☆掌編小説「ウィントンの奇跡」




 ここは地方の、とあるジャズ・バー。私はスピーカーに向かい、左端の一等奥で、マイルス・デイヴィスの『ブラックホーク』のライヴ盤を聞く。私の職業は俄小説家。

 二枚組の二枚目。そこでは当時のマイルスのレパートリーでもある「ソー・ホワット」がかかっている。ハンク・モブレーの快調なソロの後、ウィントン・ケリーのスインギーなソロがこのジャズ・バーを覆うのだ。

 私は、その時彼の左手のバッキングに着目する。そこでは、絶えずブロック・コードで奏でられるブルースの、密度に溢れたパッションが、無闇にも露呈されるのだ。

 その時、唐突にもマスターは、

「ウィントン・ケリーの左手が見たいですか?」と提案する。

 俄小説家の私は、一瞬逡巡する。そして、ここで仮想空間と戯れようと、

「ぜひ見せてくれ」と懇願するのだ。

 マスターは、簡易スクリーンを天井から降ろす。プロジェクターには、マイルス五重奏団の映像が映される。そこで、私は虚構とリアリズムの混在した錯覚を催す。

 それは、スピーカーから流れる音とマイルスのトランペットの音に差異感を抱くこと。

「これはレコードの音。映像との間に、ズレがあります」と、マスター。

「シンクロをお願いする。私は、ケリーの左手が聴きたい」

 音と映像は同調する。そして、遂に念願のウィントン・ケリーの左手がクローズ・アップされた時、俄小説家は叫ぶのだった。

「そこで止めてくれ!」

 何と私は、ウィントン・ケリーの左指に、黄金の煌めきを確認したのだ。モノクロ画面だが、その指輪からは、恰も熱情の音が奔出するかのような、幻想を抱かされた。

 そしてマスターは

「実は、もう一人のウィントンの左手も見たいですか?」と提案。

 私は迷うことなく

「勿論」

 スクリーンには、ウィントン・マルサリスの映像が映る。然し、その時、突如トランペットが観る者を圧倒した。何と、ベルの部分が飛び出してくるではないか。つまり3Dの立体画面!

 思わずのけぞる私。

 マスターは続けて

「マルサリスの左手があるのですが、ご覧になりますか?」

 私は思わず席を立ち、再び

「勿論」

 何とそれは、トランペット・ケースに入った銅でできたレプリカ。トランペットと、それを握るウィントンの左手であった。

 そこで、しっかと握られたトランペットからは、何と微かな音が、次第に拡大され、ジャズ・バーに響き渡るのであった。

「幻聴?」

「いや、これは現実音。
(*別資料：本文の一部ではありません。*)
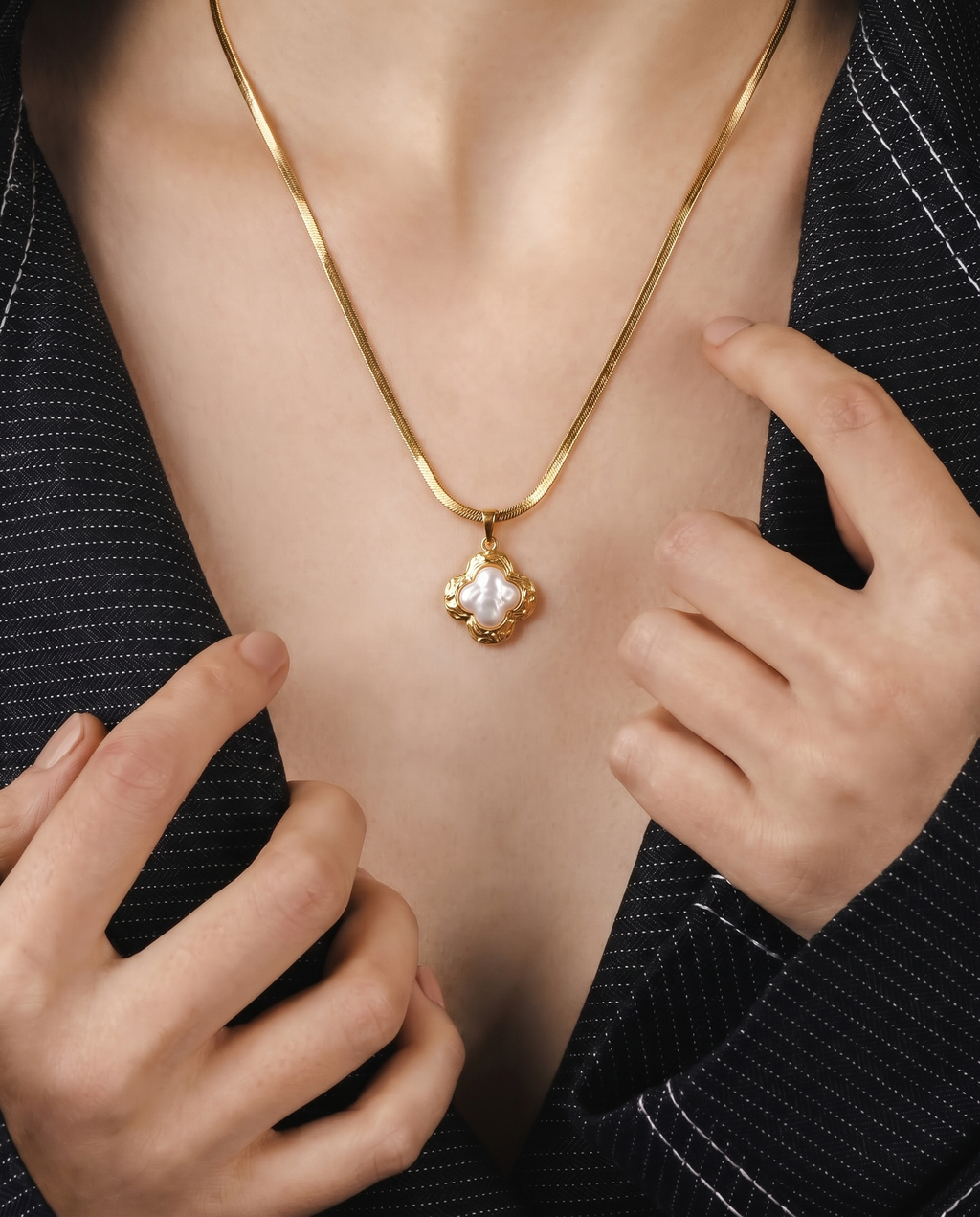Pearl Clover Pendant Necklace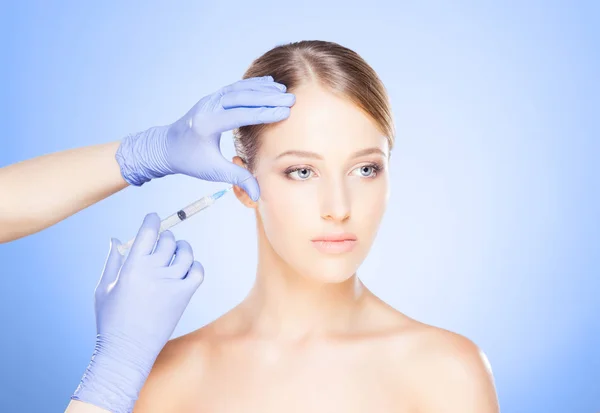 Médico fazendo injeção no rosto da mulher — Fotografia de Stock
この銅製のレプリカは、気持ち良い時、快適な音を鳴らします。今日、ウィントンは機嫌が良いのです」と、マスター。

 やがてジャズ・バーには、ウィントン・マルサリスの発する生音が充満する。

「これにレコードの、さっきのウィントン・ケリーのピアノ・ソロを、バッキングで被せてくれ!」と、奇矯にも私は言い放った。

 今度はマスターが

「勿論」

 これにて、ジャズ史に新しい伝説が確立された。何とウィントン・ケリーと、ウィントン・マルサリスの競演である。その間には、およそ60年の差異があるのだが。

 この類まれな時空間の超越に、マスターも俄小説家の私も驚愕する。そして満足。会計を済ませ、俄小説家の私は、火のついた煙草を咥えたまま、実に颯爽と外へと出る。
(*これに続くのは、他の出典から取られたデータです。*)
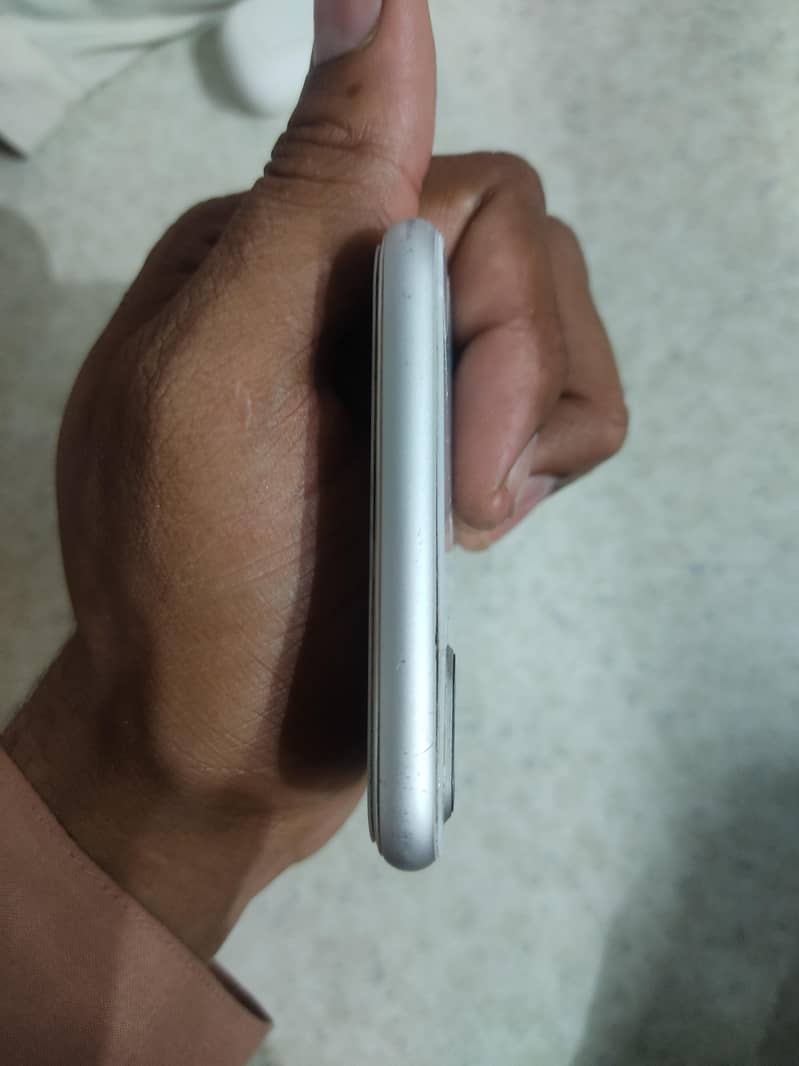 Apple iPhone 8 Plus 4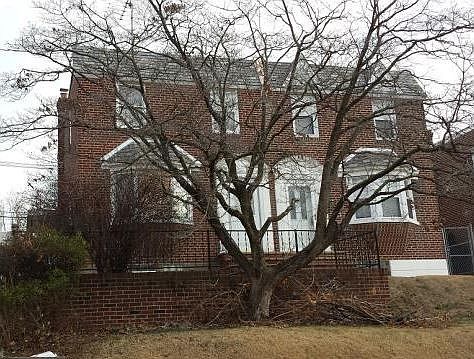 2nd image of 4213 Lansing St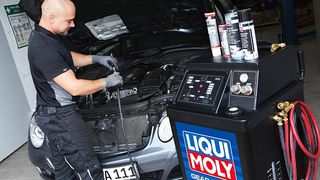 Das „Gear Tronic“ kann auf unterschiedliche Art und Weise absaugen bzw. spülen. Beim „Dipstick-Mode“ erfolgt der Anschluss über das Führungsrohr des Ölmessstabs. (Foto: Liqui Moly)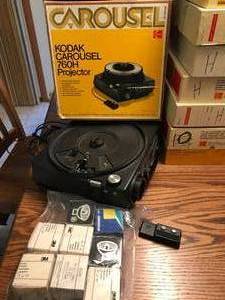 lot 275 image: Slide Projector, Carousels, Bulbs, Movie Screen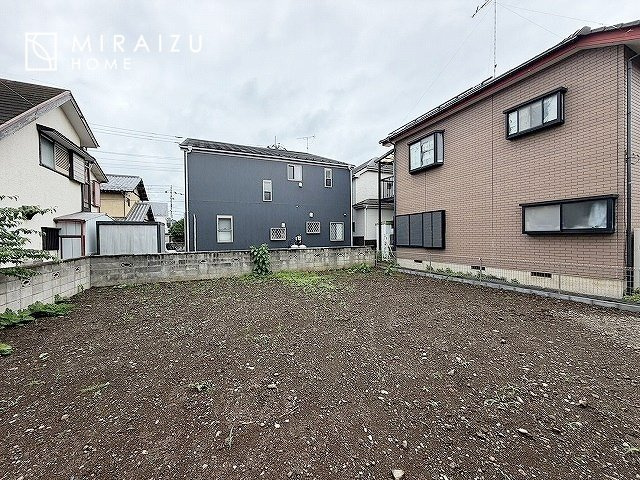 【外観】 | 青く澄み渡った綺麗な空と、陽の光をたっぷりと受ける、そんな新築住宅で新生活をスタートしてみませんか？見学・ご相談等、ミライズホーム(株)までお気軽にご連絡下さい♪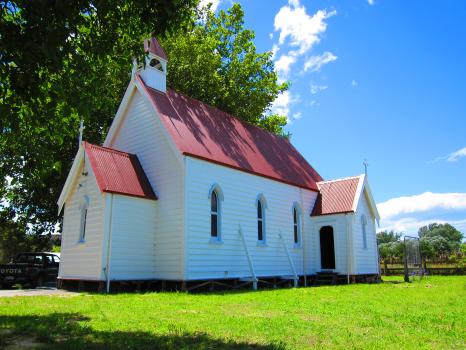 Sunny day and Church in Hawkes bay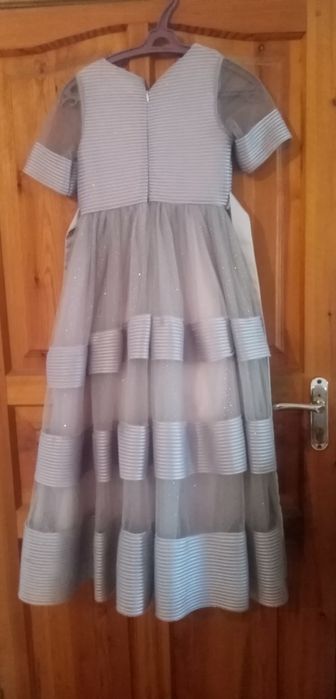 Красивое платье пушистое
 そこに、どこから来たのか突然、入れ違いに、痩躯の黒人男性が入って来る。

「エクスキューズ・ミー、サンキュー」

「どこかで見た黒人だ」

 それは何と、トレンチ・コートを着たマイルス・デイヴィスその人である。その姿は、『ブラックホーク』のジャケットと同じもの。口には、ジタンの煙草を燻らせながら。
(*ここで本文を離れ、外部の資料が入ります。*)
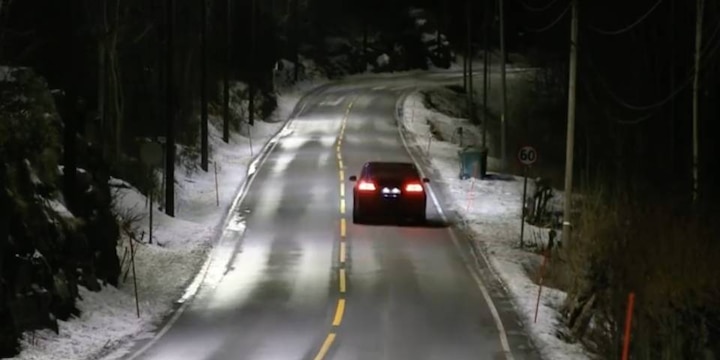 Energy saving auto dimming street lights ਬਿਜਲੀ ਦੀ ਬਚਤ ਤੇ ਵਾਤਾਵਰਨ ਬਚਾਉਣ ਦਾ ਅਨੋਖਾ ਢੰਗ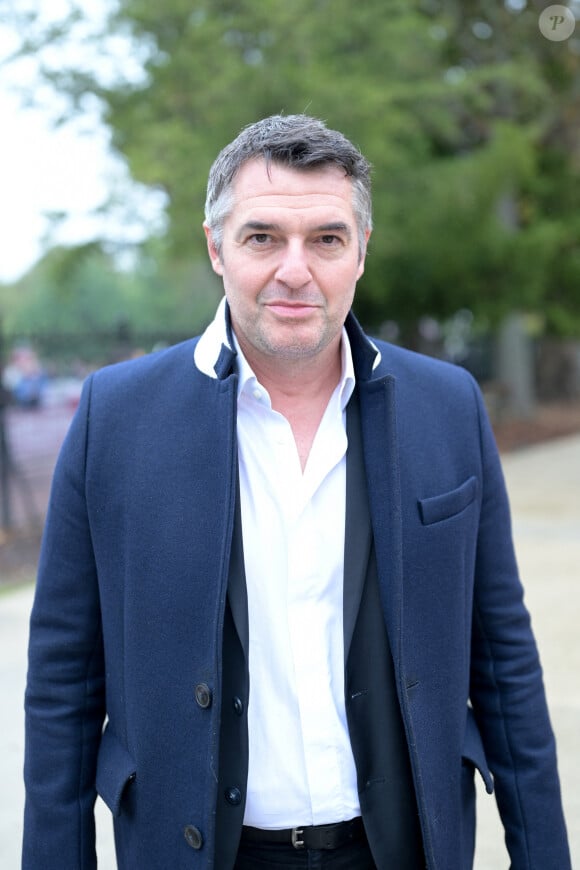 Arnaud Ducret au prix Qatar Arc de Triomphe à l'Hippodrome de Longchamp, le 6 octobre 2024. © Rachid Bellak / Bestimage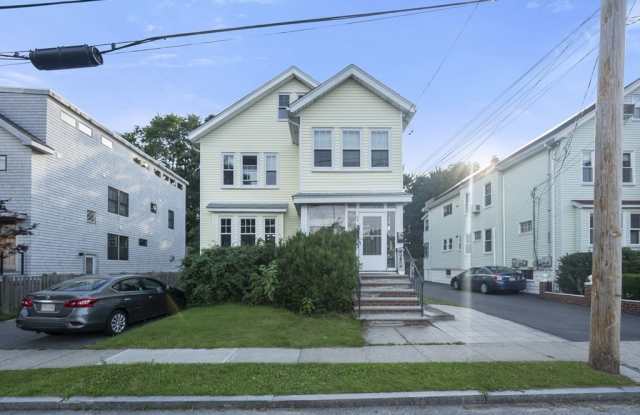82 Brooks Ave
 その後を見たい誘惑に駆られた私は、外からガラス越しに店内を覗く。

 マスターとマイルスは紫煙の中で、上機嫌で談話に熱中している。空からは、白いボタン雪が深々と降ってくる。

 実はもう5月。26日はマイルスの、29日は俄小説家の私の誕生日。ここ辺境の地のゴールデン・ウイークに、このボタン雪は、「ウィントンの奇跡」をもたらしたのだった。